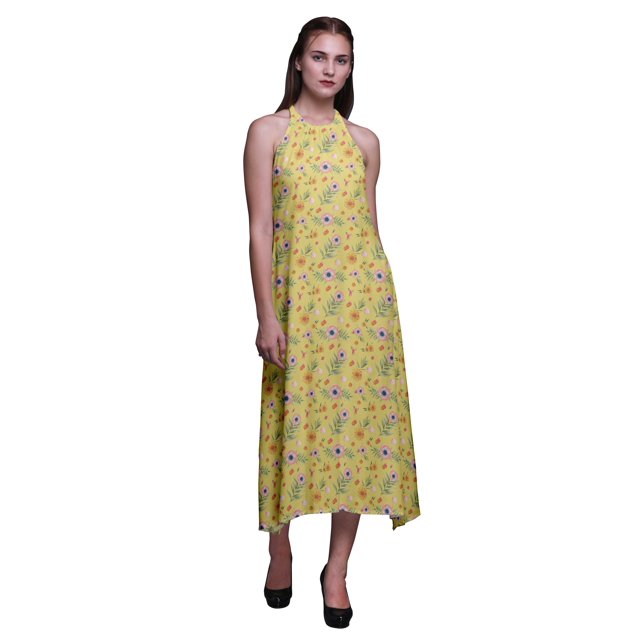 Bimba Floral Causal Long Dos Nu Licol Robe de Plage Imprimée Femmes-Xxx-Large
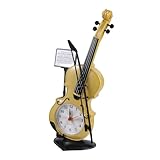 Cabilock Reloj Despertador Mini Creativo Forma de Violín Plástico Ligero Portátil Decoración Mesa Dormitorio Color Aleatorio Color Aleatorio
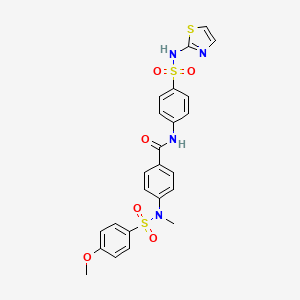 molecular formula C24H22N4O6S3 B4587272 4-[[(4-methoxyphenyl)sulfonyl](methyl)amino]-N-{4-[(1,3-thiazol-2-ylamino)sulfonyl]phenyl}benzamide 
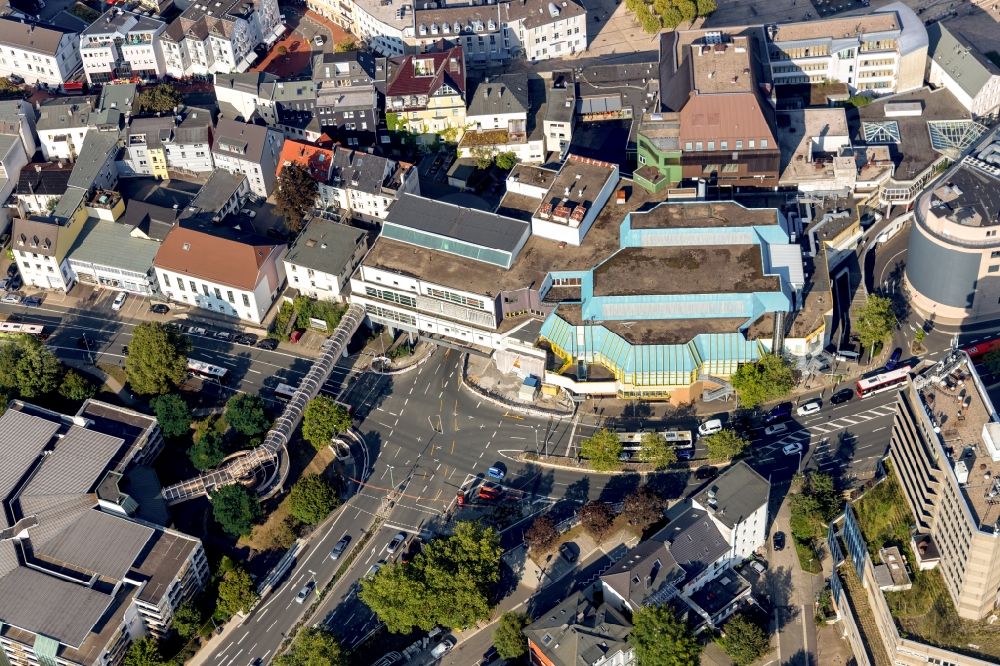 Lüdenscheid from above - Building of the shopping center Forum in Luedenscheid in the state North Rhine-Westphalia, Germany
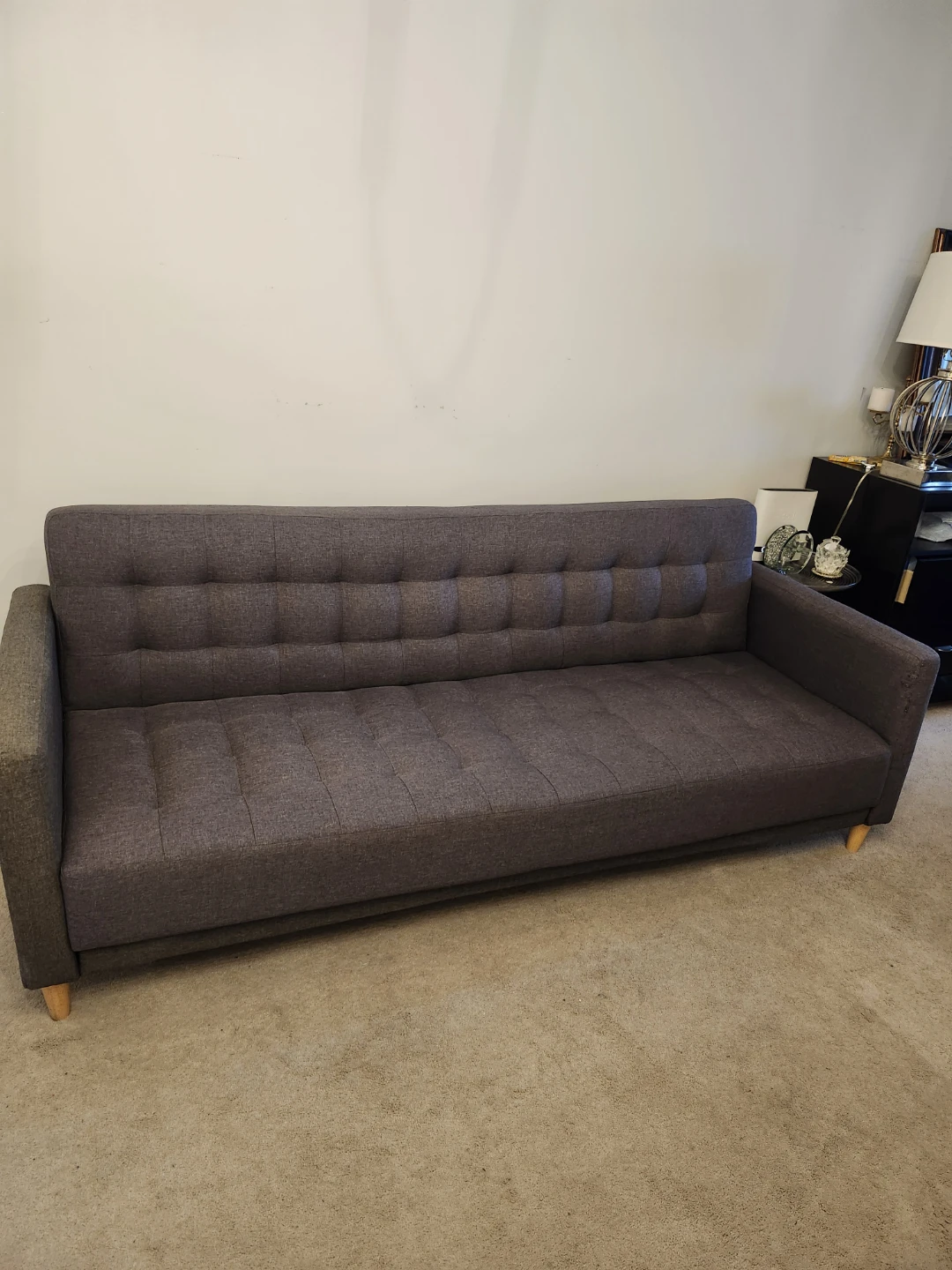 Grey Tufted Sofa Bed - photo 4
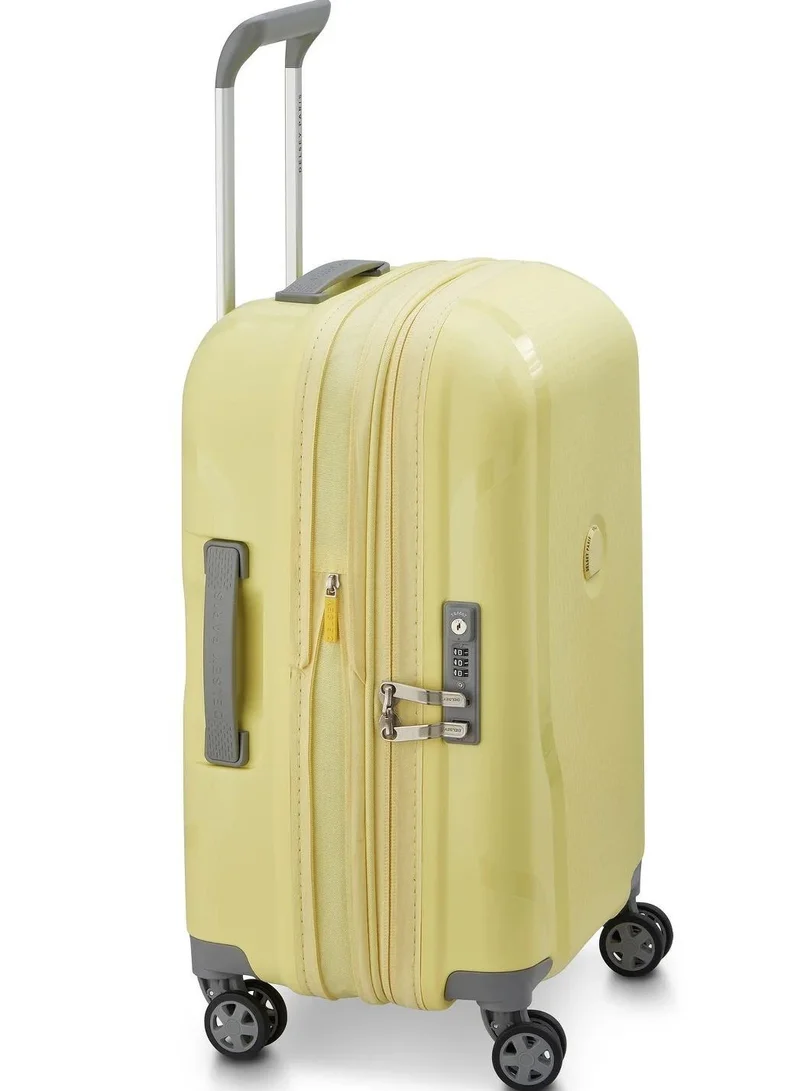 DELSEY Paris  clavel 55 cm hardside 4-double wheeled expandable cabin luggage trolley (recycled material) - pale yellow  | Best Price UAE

## Problem description
Lines from the one containing "Grey Tufted Sofa Bed - photo 4" through the end of the entries above, both included, are to be written out exactly; no pictures and no other lines.

## Answer area
 Grey Tufted Sofa Bed - photo 4
 DELSEY Paris  clavel 55 cm hardside 4-double wheeled expandable cabin luggage trolley (recycled material) - pale yellow  | Best Price UAE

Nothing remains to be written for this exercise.